- _THE PROBLEM_
Take the data below and write it out exactly, except for the pictures.

- _DATA SEGMENT_
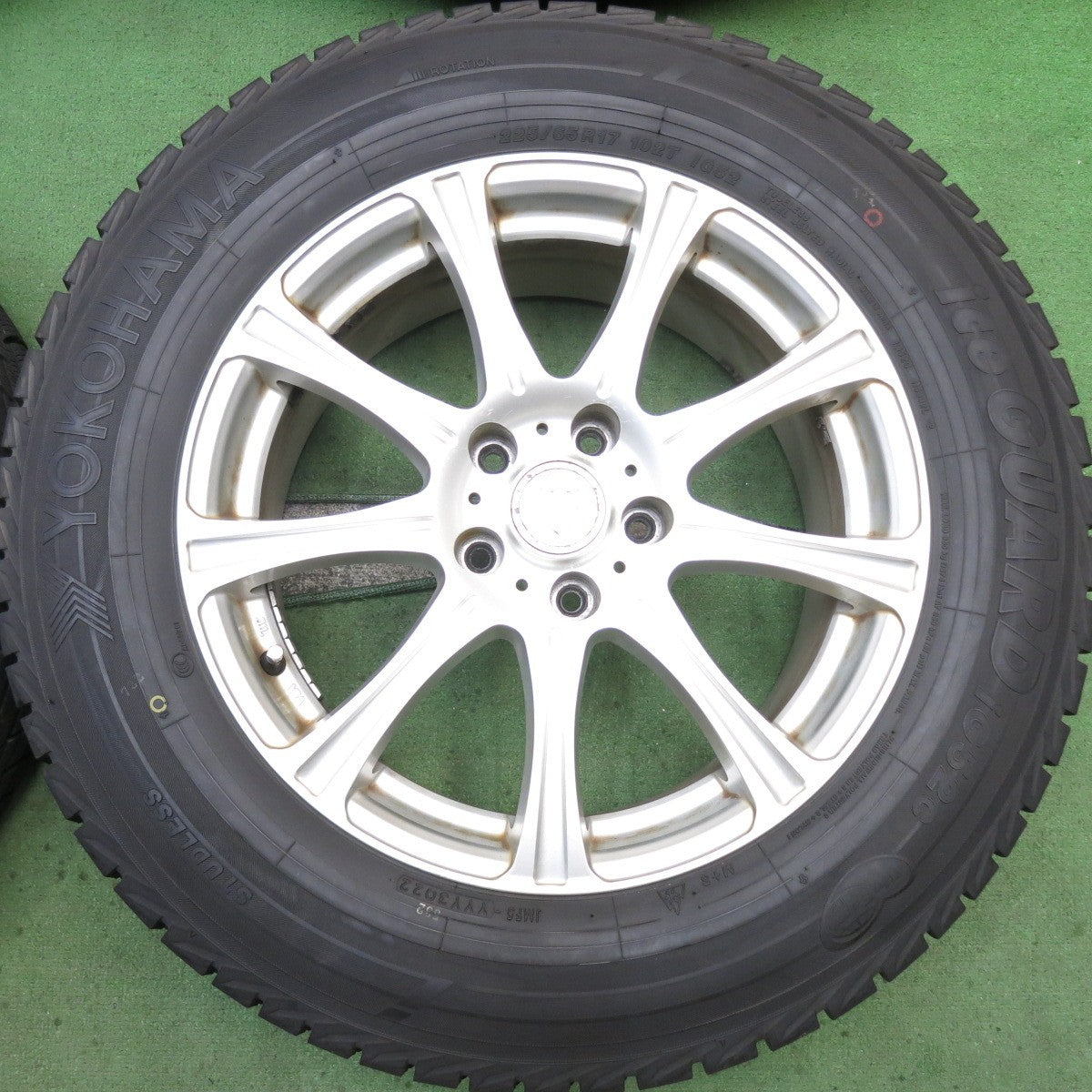 バリ溝！22年！9.5分◎スタッドレス 225/65R17 ヨコハマ アイスガード iG52C JOKER ジョーカー 17インチ PCD114.3/5H◎6083002HAス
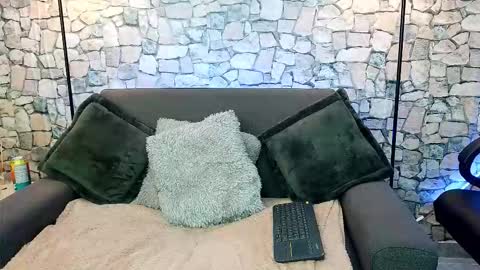 Bastian online show from 11.21.25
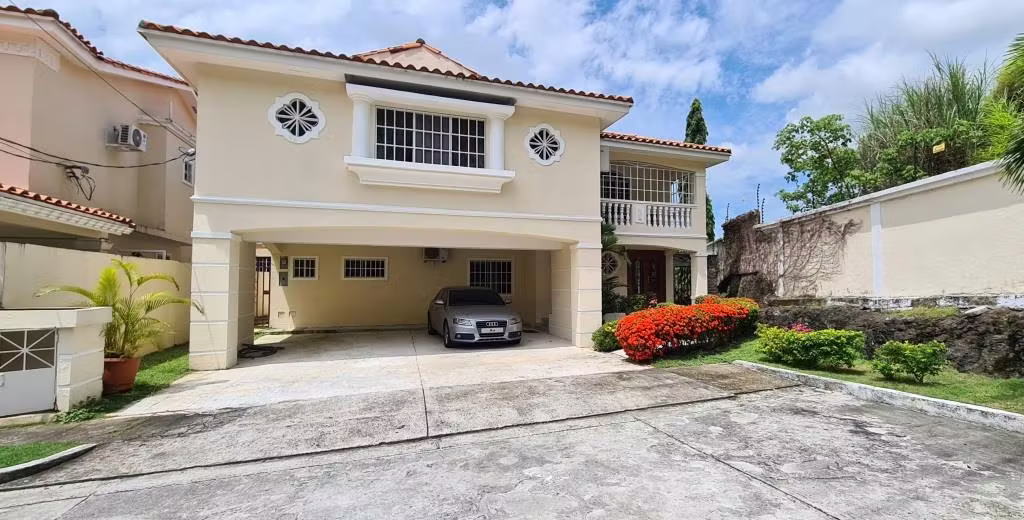 VENTA – GRAN CASA UNIFAMILIAR EN BOSQUES DE LAS CIBELES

- _SOLUTION TO THIS EXERCISE_
 バリ溝！22年！9.5分◎スタッドレス 225/65R17 ヨコハマ アイスガード iG52C JOKER ジョーカー 17インチ PCD114.3/5H◎6083002HAス
 Bastian online show from 11.21.25
 VENTA – GRAN CASA UNIFAMILIAR EN BOSQUES DE LAS CIBELES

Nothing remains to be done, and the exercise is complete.